*BRIEF:*
Please write out only the lines from the line with "Dell Docking Station" to the line with "ok it's a playlist", inclusive, exactly as they stand below, without the pictures.

*DATA FOR REVIEW:*
══════════

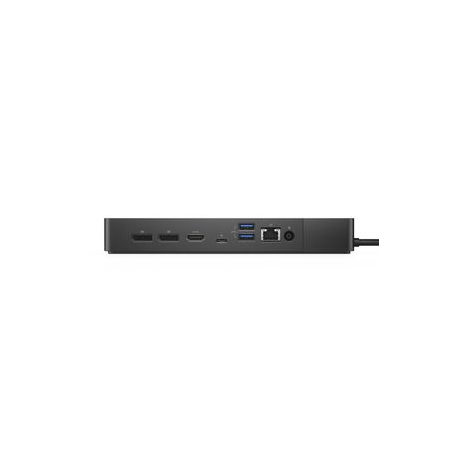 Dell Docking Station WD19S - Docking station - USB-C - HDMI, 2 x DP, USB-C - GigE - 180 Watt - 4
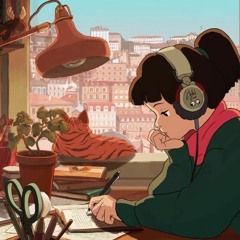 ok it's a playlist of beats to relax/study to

══════════

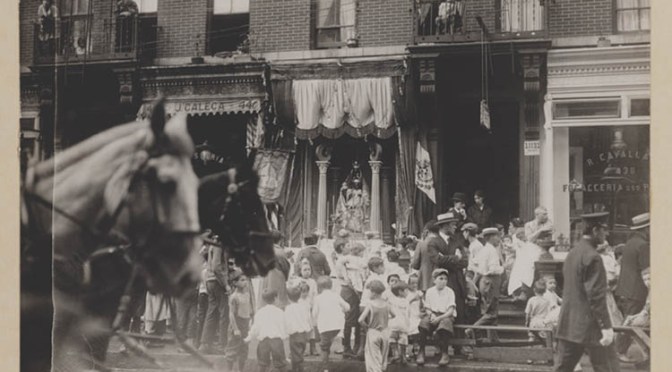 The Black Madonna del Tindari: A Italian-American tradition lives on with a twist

══════════

*EXPECTED ANSWER:*
 Dell Docking Station WD19S - Docking station - USB-C - HDMI, 2 x DP, USB-C - GigE - 180 Watt - 4
 ok it's a playlist of beats to relax/study to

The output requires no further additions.